鐘と笛

一人で行ったことのない畑へ車で行くことになり、

まずは8年ぶりに車を運転しなくてはいけないということで、

カーシェアリングの軽自動車を利用することにした。

初めての軽自動車に乗り込んですぐに祈った。

"まずは無事に車の流れに乗って、あおり運転の被害に遭いませんように”

”アクセルペダルを間違える事故に巻き込まれないように”

そして

”ヒグマに出逢いませんように”

ここは北海道、最近ヒグマで怖話題の山へいくのだ。

ガーァゴーォォオと音立てながら山道を走る。

昨夜まで運転できるのかと情けないほど気後れしていたが田舎道なので案外スムーズについた。

畑に到着して早々に鞄から連なりの鈴を出す。

一人で畑へいく私を心配した父が持たせたこの鈴は3つ連なりシャンシャンとよい音がする。

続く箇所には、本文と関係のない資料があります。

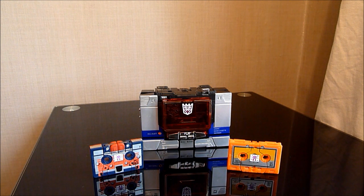Hello there everybody, this is Grant, we're sending to Collector 75. Welcome to another Transformers review.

よい音ではむしろヒグマが喜んで現れるのではないかと思いながら腰につけた。

お次はipone musicをかけてノリノリ風な音を流す。

これは私が一人で寂しくないように。

汗を掻きながら畑の農作業を一通りしているとカーシェアの返却時間が近づいていた。

パタパタと片付けて運転席に座ると突然女性の声が、

「もうそろそろ返却時間が近づいています!」

そ、そうです、知っています!

カーシェアのナビが話かけてきた。

ブーンンンゴーォオオと山道を下り、大きな道にでた私にカーシェアさんは久しぶりに運転する私に気遣ってか、

最後までよく喋りかけてきた。

お陰で?無事に車を戻し、任務を完了したことを父に電話で伝える。

数日後、また畑に行くことになる私に父が「洗っといたから」と笛を手渡した。

ピーとなる運動会の時に使うような笛。

そしてこれまたリーンリーンとよい音が鳴る小さな作家物の鐘。

ん?鐘?鈴じゃないの?

ありがたく貰い受け、帰宅して運動会の笛は猫の置き物の首に、

リーンリーンと音色がよい鐘は下に短冊をつけ、風鈴に姿を変えて窓の風に吹かれている。